■ THE DATA
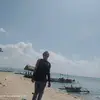 Jayson Padilla - @jayson.padilla7 - TikTok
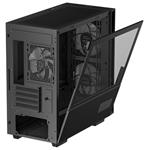 DeepCool CH360 Digital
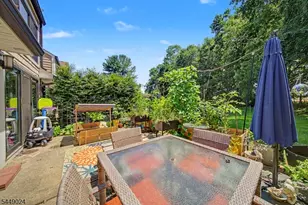 205 Joseph Ln, Mine Hill, NJ 07803 - Photo 38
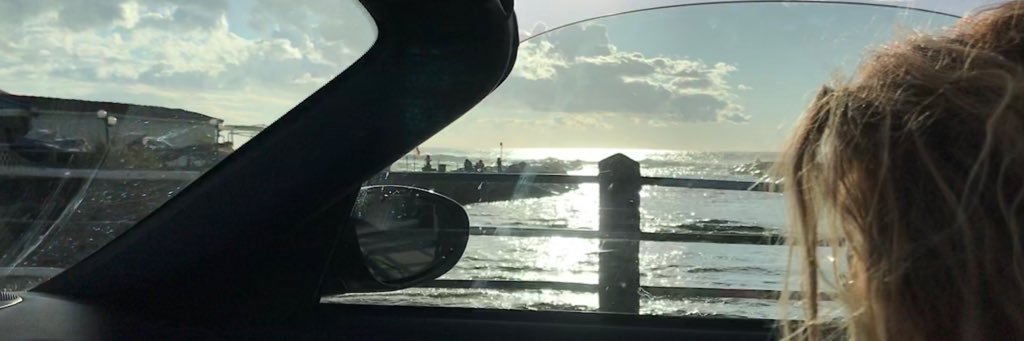 miche3's profile banner image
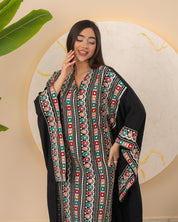 Omnia Jalabya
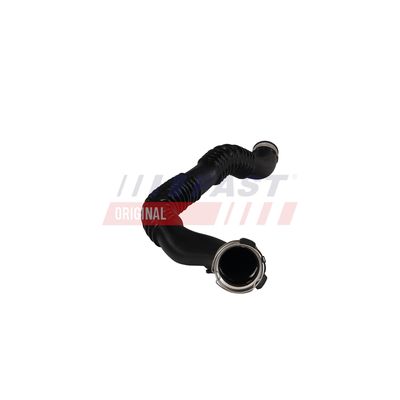 FURTUN EAR SUPRAALIMENTARE FAST FT01062 8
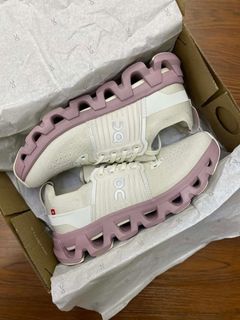(Category: ) located in . Submitted by prettysoleph1_ (Listing ID 1433342660, Image 1). Description: .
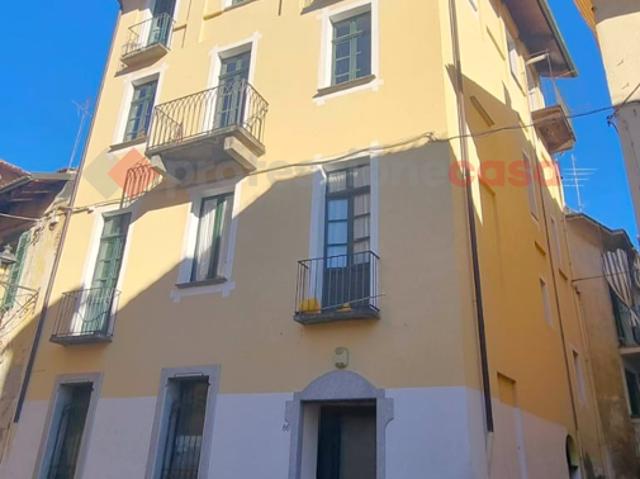 Monolocale in affitto a Pinerolo, case in affitto Pinerolo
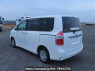 Used 2010 AT toyota noah ZRR70G Image[4]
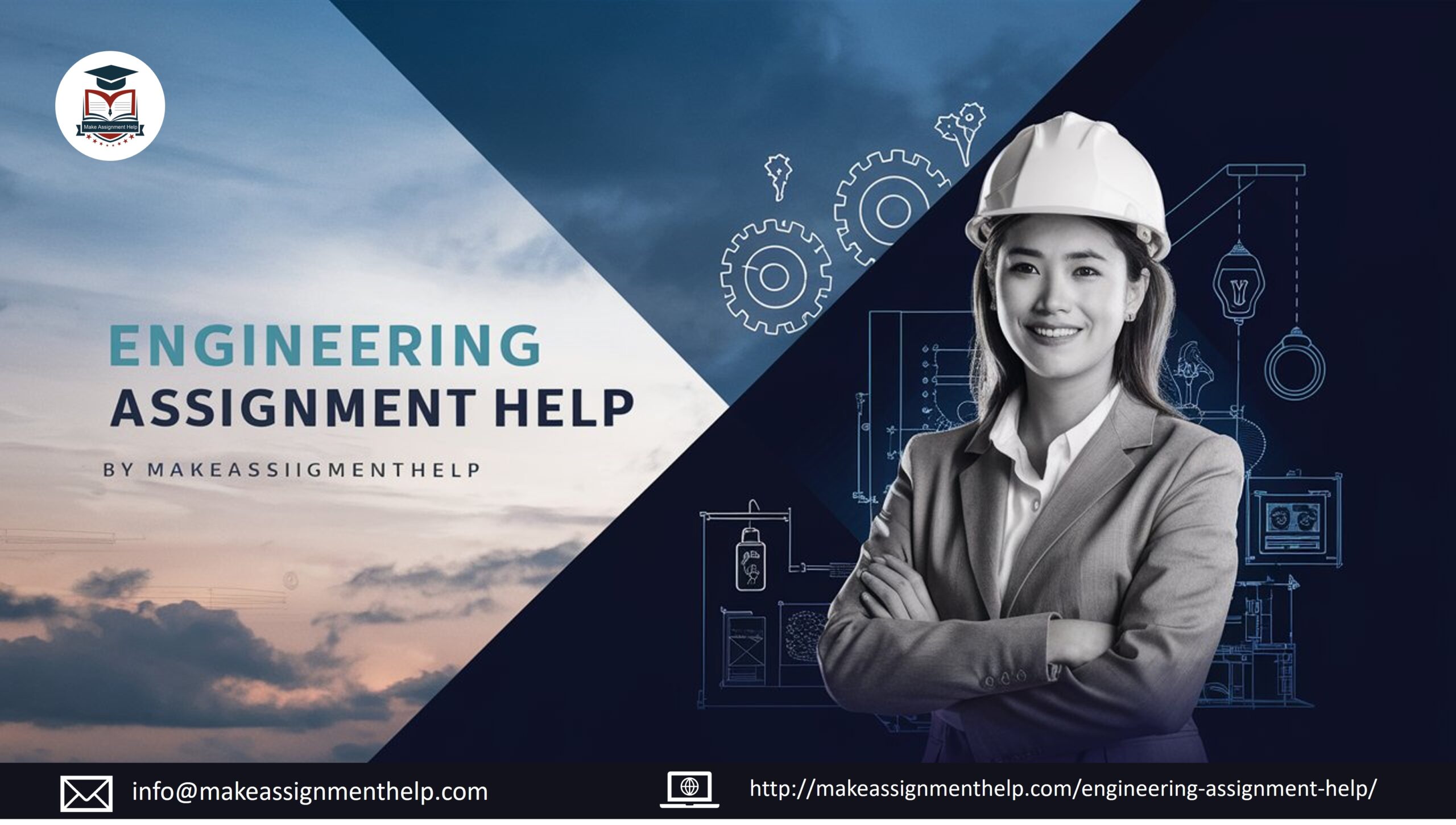 Engineering Assignment Help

■ TASK PROMPT
Make an exact copy of the lines from the one holding "Omnia Jalabya" through the end of the material, both ends included, and keep the pictures out of it.

■ ANSWER BELOW
 Omnia Jalabya
 FURTUN EAR SUPRAALIMENTARE FAST FT01062 8
(Category: ) located in . Submitted by prettysoleph1_ (Listing ID 1433342660, Image 1). Description: .
 Monolocale in affitto a Pinerolo, case in affitto Pinerolo
 Used 2010 AT toyota noah ZRR70G Image[4]
 Engineering Assignment Help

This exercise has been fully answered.